I've got a friend who wrote a pretty decent fantasy novel, and my brother-in-law wrote an absolutely hilarious movie script which he started to work up into a novel; neither has had even the vaguest of hints at selling anything, much the less making a living out of it. My aunt had a couple of short stories published after 20-some (more?) years of trying - including one in the New Yorker - and said that finally breaking through was all about learning the way the game was played and getting a good agent, and nothing to do with any improvement in her writing. Its a hard road.

Never read any of your novel stuff, but if your blog writing is any sample I'd guess its well-written and funny (which is not to say that there shouldn't be more of it!) But alas the quality of the work has only a passing acquaintance with its commercial success - even after you manage to get it published! I'd suggest that if you aren't doing it for the sheer joy of it at some point in the process (even if its grindingly hard work the rest of the time) then you're probably doing it for the wrong reasons.
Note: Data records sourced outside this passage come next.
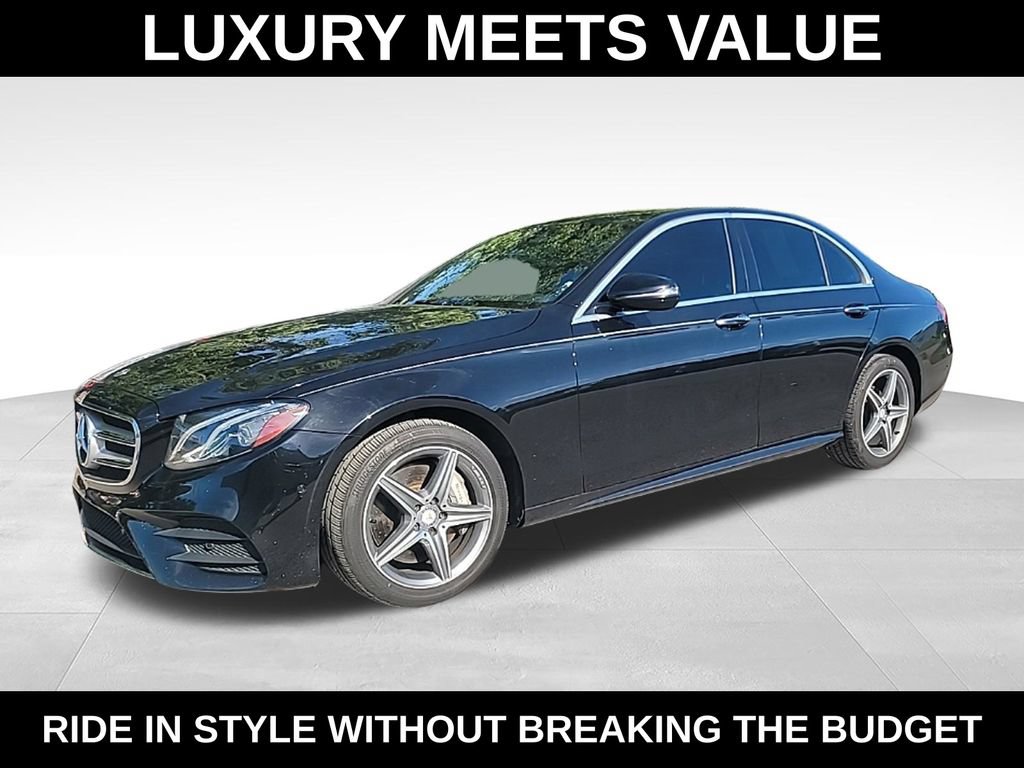 Used 2017 Mercedes-Benz E 300 4MATIC image 2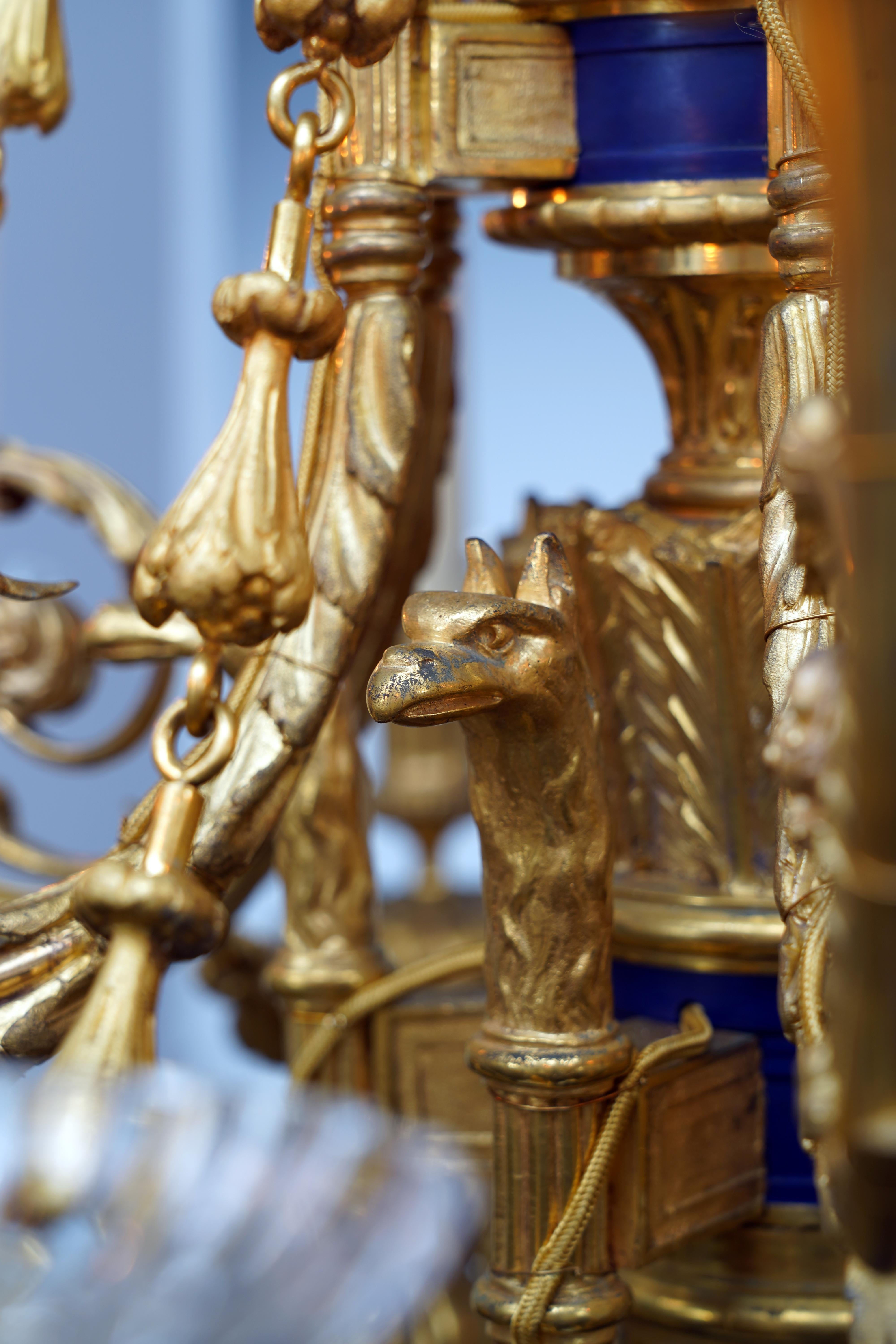 Gilded bronze Chandelier with Eagle Heads attr. to H. Vian, France, circa 1890 In Good Condition For Sale In PARIS, FR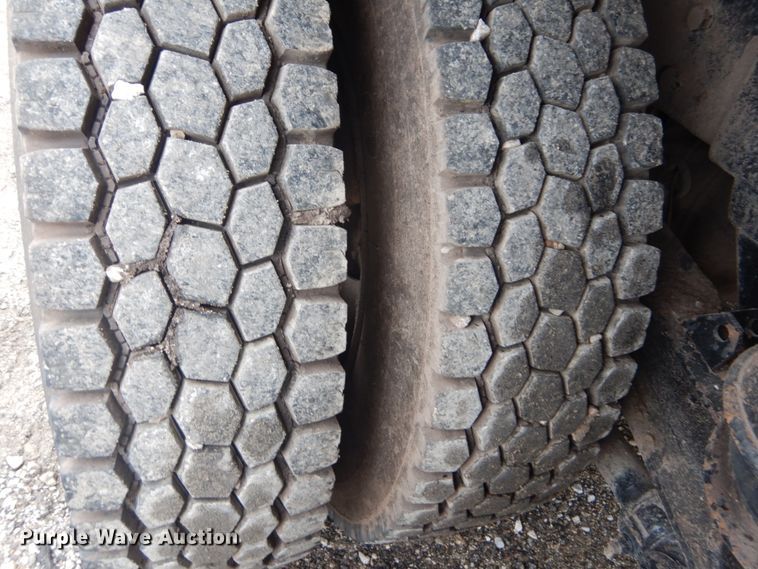 image for item IT9100 2006 Peterbuilt 335  dump truck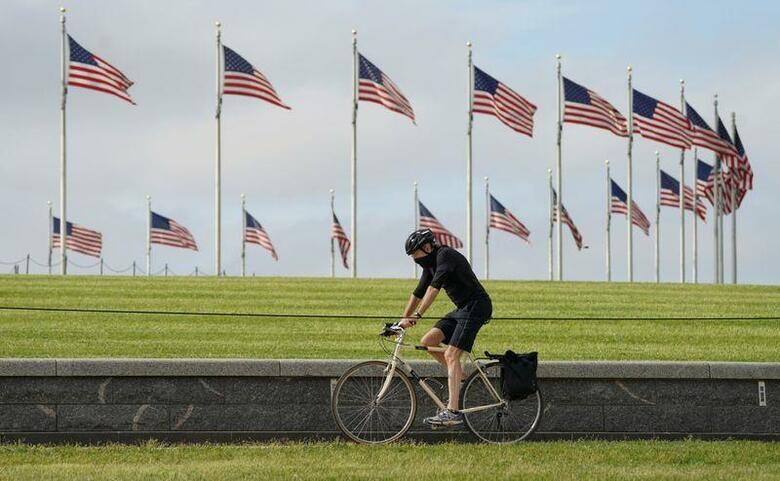 米国ではテキサス、アリゾナを含む一部少数の州で新型コロナウイルス感染症による入院者数が足元で急増、米経済の再開が感染の第２波を引き起こすとの懸念が強まっている。写真はワシントンで５月撮影（２０２０年　ロイター／Kevin Lamarque）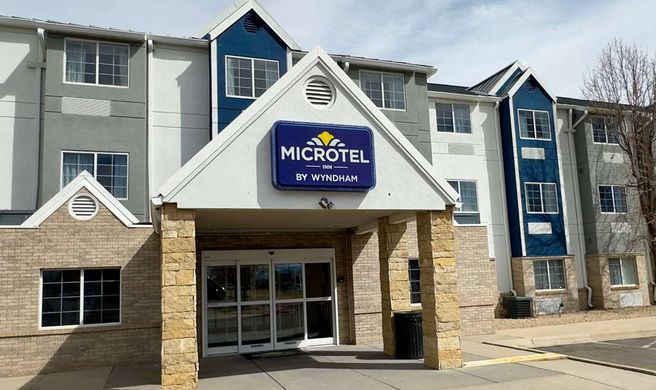 Microtel Inn & Suites by Wyndham Denver Exterior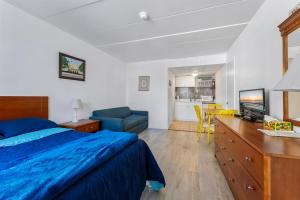 a bedroom with a blue bed and a blue couch at 313 E Glenwood Ave, Unit 109 in Wildwood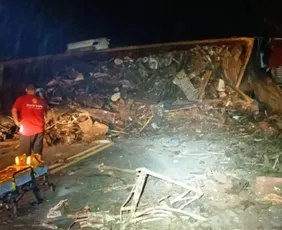 Imagem ilustrativa da imagem BR 101 fica interditada após carreta tombar e carga cair na pista em Mimoso do Sul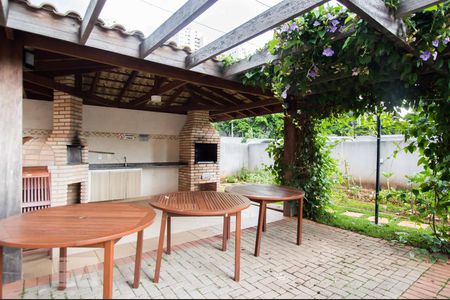 Apartamento à venda com 55m², 2 quartos e 1 vaga Apartamento à venda com 55m², 2 quartos e 1 vagaChurrasqueira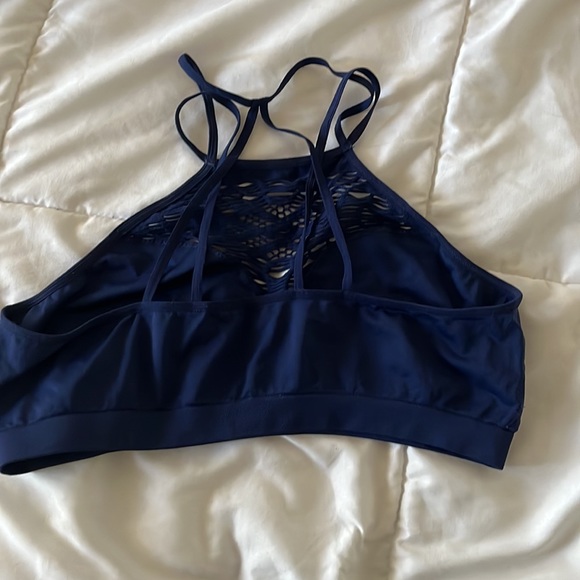 VS Bralette - Picture 4 of 5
This does not preclude getting disgusted with the process occasionally, throwing a funk, and storming off to do something else for a bit. Thats just normal. Hope you _do_ keep writing, because one day I want to read the damn thing (and cadge lifts on your privately chartered Lear to book-signings in Rio...)

anti ob said...

Oh and also? If you want to sell a book? It should be about a sexy vampire / witch / were-shark who has a torrid relationship with a vampire hunter / christian evangelist / pool boy. There should be violence, heaving breasts, and angst - not necessarily in that order. Its what they're wallpapering bookshops with these days, honest.

harry said...

Also, don't physically describe the female protagonist so that every drippy pimply teenage girl came effortless slide her own porky shape into the role.

Mindy said...

Geez Harry got something against girls this week?

Reinhard said...

You could always retire, and then the book project becomes "writing my memoirs", and everybody nods wisely and you get to work on it without angst. Or pressure. Or indeed sales.

Fyodor said...

Yes, you should quit. You're a terrible writer. Hope that helps.

Best,

Fyodor

P.S. sorry for the delayed comment - I assumed you'd already squibbed on your blog in a spinelessly girlish fashion.
P.P.S.N.B.F.T.W. mind you, my judgement is suspect, which is the only reason I read your blog, despite your writing being so godawful. Thought you'd get me on that one, didntcha? Sucked in.